Dolo é o propósito deliberado de agir visando a um resultado, mesmo que não se atinja. Em regra os crimes são dolosos. Mas, por vezes, a lei define a responsabilidade penal por determinados comportamentos culposos causadores de dano. Culpa é a provocação de um resultado indesejado, por desatendimento a uma norma de conduta. Exemplo clássico de comportamento culposo é do pai que, por estar utilizando o celular, atropela o filho causando-lhe lesão corporal.

Estupro consiste em constranger alguém a determinada prática sexual com ameaça ou violência. É sempre doloso. Estupro de vulnerável consiste em determinada prática sexual com menor de 14 anos, com pessoa que, por enfermidade ou deficiência mental, não tem discernimento para a prática do ato, ou que, por qualquer outra causa, não possa oferecer resistência. No Brasil, um jogador de futebol que afirmasse saber estar a vítima sem condições de descrever o que lhe aconteceu estaria confessando saber a vulnerabilidade da vítima.

No estupro de vulnerável, perceber a incapacidade da vítima é requisito para a configuração do crime. Trata-se de uma janela de subjetividade pela qual abusadores conseguem fugir e inocentes demonstrar inocência. Não se trata de tipo culposo do estrupo. Mas, ausência de crime pela ignorância da vulnerabilidade.

A sentença é longa e enfadonha. São 51 páginas de transcrições de depoimentos e citações. Ao final, o juiz considera a falta de prova para a condenação e aplica o princípio do in dubio pro reo, ou seja, na dúvida decide-se pela liberdade. É melhor absolver vários culpados que condenar um inocente. É um princípio.

A sentença transcreve vários depoimentos, inclusive o do motorista de Uber que conduziu a vítima, e todos contrastam com o depoimento dela. Mas a sentença pouco analisa a materialidade do fato estampada nos laudos.

Entre clichês e transcrições, o que se lê é a análise do comportamento da vítima, como se fosse ela a pessoa a ser julgada. A análise do comportamento do acusado somente aparece nas transcrições. Nenhum julgamento sobre quem estava sendo julgado é encontrado. Não há avaliação do julgador do comportamento do acusado. Estranha sentença!

A sentença é tecnicamente vulnerável. Mas, trouxe à luz o comportamento do Sistema de Justiça em tais casos. Na audiência a vítima foi ofendida, agredida, mutilada e violentada, demonstrando a razão dos índices de violência sexual e feminicídio no Brasil. E tudo sob o olhar plácido e solene de um magistrado.

O comportamento dos agentes do Sistema de Justiça na audiência foi grotesco, humilhante e misógino.
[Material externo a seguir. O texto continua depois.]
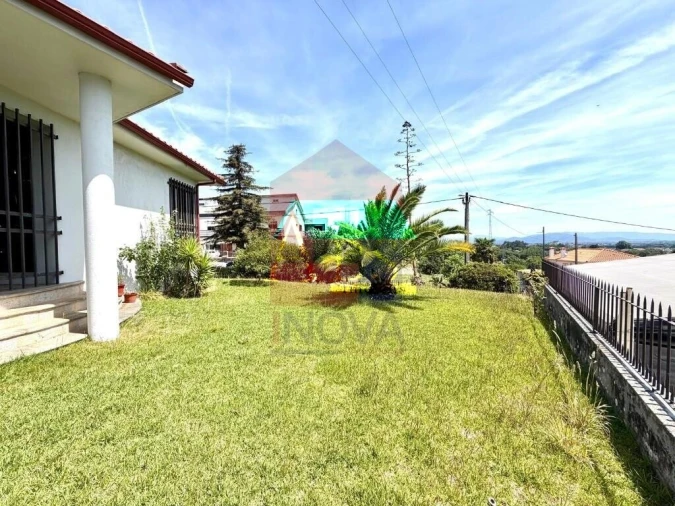Moradia T3 para Venda em Cabanelas Foto 30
Atingiu a dignidade da vítima, mas subtraiu igualmente a dignidade da Justiça.

O juiz tinha o dever de silenciar a agressão a que a vítima era submetida. As relações processuais não se estabelecem apenas entre autor e réu. O juiz é parte no processo. É a parte que deve ser desinteressada no resultado como requisito de sua imparcialidade. Mas imparcialidade não é neutralidade. O juiz é o condutor e o presidente do processo e deve zelar pelo respeito aos princípios, direitos e garantias fundamentais constantes da Constituição da República, dentre os quais a dignidade da pessoa humana.
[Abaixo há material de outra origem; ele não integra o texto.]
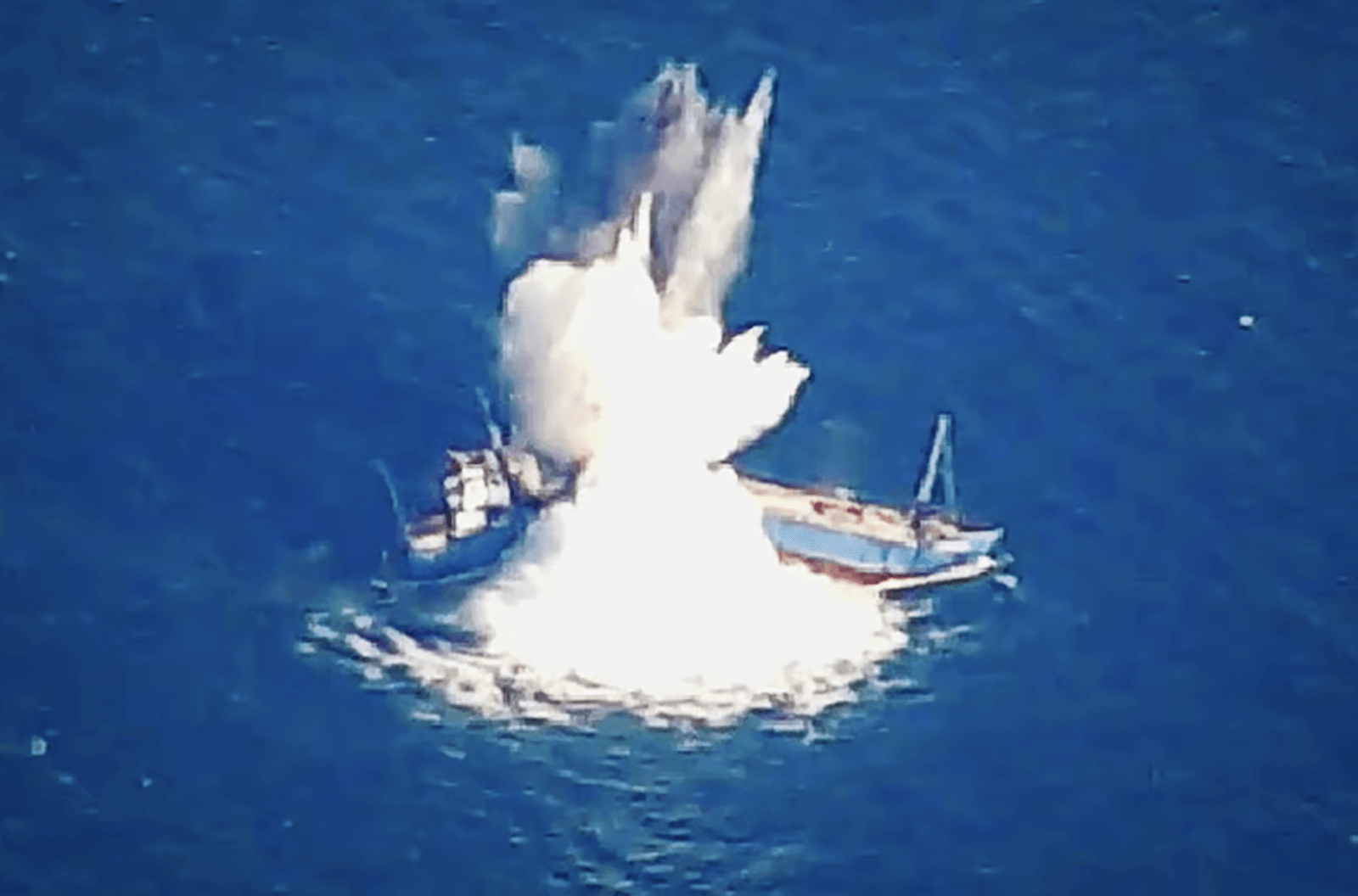 Quicksink dosłownie rozrywa statek na pół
Conforme declarou o Ministro Gilmar Mendes nas redes sociais: “As cenas da audiência de Mariana Ferrer são estarrecedoras. O sistema de Justiça deve ser instrumento de acolhimento, jamais de tortura e humilhação. Os órgãos de correição devem apurar a responsabilidade dos agentes envolvidos, inclusive daqueles que se omitiram”.

É inaceitável o que vivenciamos no Brasil. A ‘cultura do estupro’ onde uns pregam que “se está com vontade, estupra mas não mata” e outros têm a ousadia de, publicamente, dirigir-se a uma mulher e lhe dizer que “não te estupro porque você não merece”, como se outras mulheres merecessem tal perversidade, é produto de uma cultura que culpabiliza as mulheres vítimas de violência e isenta de responsabilidade seus agressores. Estupro não é sexo. É violência contra a mulher, contra a dignidade da pessoa humana e contra a humanidade que há de nos caracterizar. No caso Mariana Ferrer, o Poder Judiciário produziu uma sentença contra si e contra as suas práticas cotidianas.